There’s no demonic pig? That was one of the creepiest parts of the first movie.

I think I’ll wait for this to come out on DVD in June.

Is this movie a remake of the older one or a movie version of the book? It sounds like it’s deviating a lot from either source, at any rate.

You are so lucky to have missed the manufactured “buzz” over this stinking pile, which is more annoying than the buzz of Baelzebub’s compound-eyed minions pouring out of the plumbing.

Kathy Lutz died when the movie was in preproduction. MGM’s promotional geniuses have had the fabulous taste to try to make as much box-office hay out of that coincidence as possible. :rolleyes:

George is sueing them, claiming that he still owns the story rights. He’s also complaining that they make him out to be more homicidal than the Lutz’s themselves portrayed him to be. Poor baby.

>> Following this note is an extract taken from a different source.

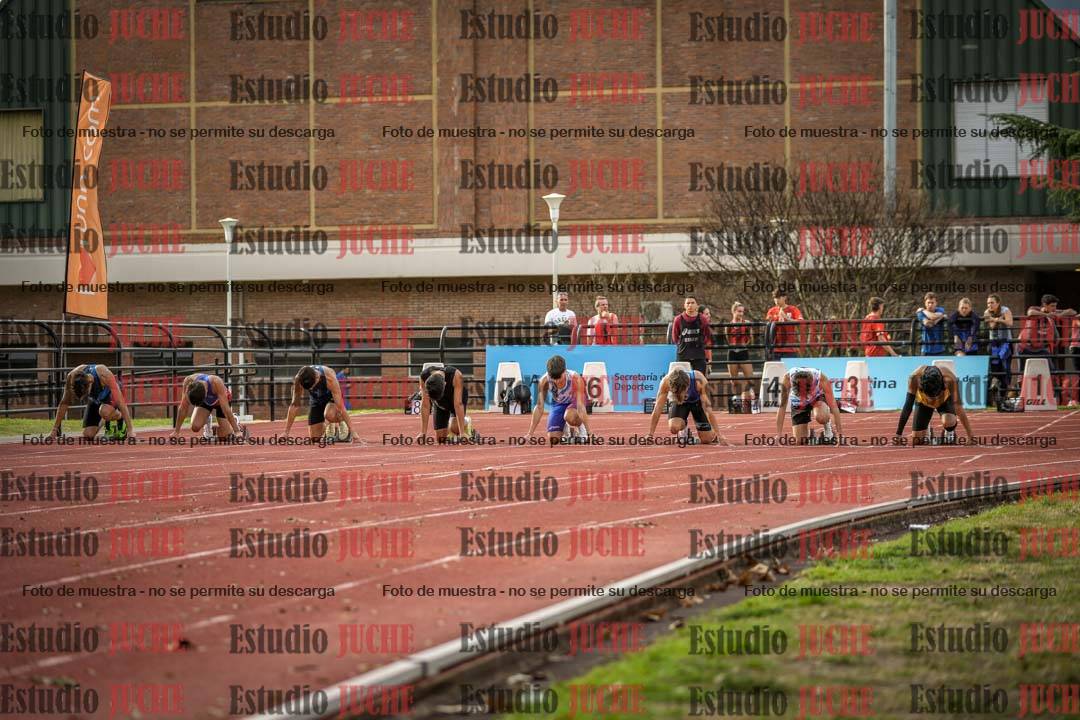 Fotos de los 100 m llanos de varones - FINAL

The book was sick and exploitive, the first movie was sick and exploitive, and this remake is sick, exploitive, and pitifully redundant. Why can’t they find a more recent real-life mass murder to make up a third-rate schlock horror around?

Here’s my pitch: The Columbine Terror. See, a violent videogame becomes popular with of the class of 2006, and the damned souls of Harris and Klebold use it to take possession of the homecoming King and Queen, who start acting antisocial and collecting guns… The school swimming pool fills up with blood, and the cafeteria food turns into trays of wriggling maggots. The principal, played by Ashton Kutcher, starts investigating, and breaks out in a panicky (but sexy, mind) sweat when an eerie voice comes over the P.A., rumbling “PEeEk-A-BoOooO!” Spooked, he stumbles into a disused janitor’s closet – but get this – it’s painted red. This is the closet that Eric and Dylan used to test the bongs they made in shop class. And worship Satan. The floorboards break, and Ashton falls through into a tank of blood, forcing him to take off his shirt and run through the halls as the Homecoming King and Queen chase him with shotguns. He can’t just break for the exit, though – he’s got to get the the girls’ volleyball team out of the locker room where they’ve become trapped, and as naked as a PG-17 rating will allow. Everything seems hopeless, and Harris and Klebold’s demonic shades have the drop on the principal and the entire volleyball team, (prompting Klebold’s tagline, “I got your volley right here, bitches,”) when the cranky science teacher (Bruce Willis) shows up with an improvised gun made from a lab stand, a copper tube, and an acetylene tank, which he uses to launch the Homecoming King and Queen’s discarded Promise Rings straight into their hearts, freeing them from their possession. He and the principal manage to drag their inert forms outside while simultaneously herding the half-dressed volleyball team into the parking lot, where they watch in awe as the entire school collapses in on itself like the House of Usher, only with more spooky special effects. There’s an uplifting epilogue, showing kids returning to a rebuilt school in September, as the principal and the science teacher look on with weary relief and satisfaction. But get this-- there’s this one fat junior, sitting off himself, playing with a Sony PSP. He looks up and gives the principal a gleefully evil look, as an abrupt synthesized major chord is played on the soundtrack. Roll credits.

That’d be so cool.

Larry, it sound like you already write for the movies! I wouldn’t be surprised to see something very like that someday.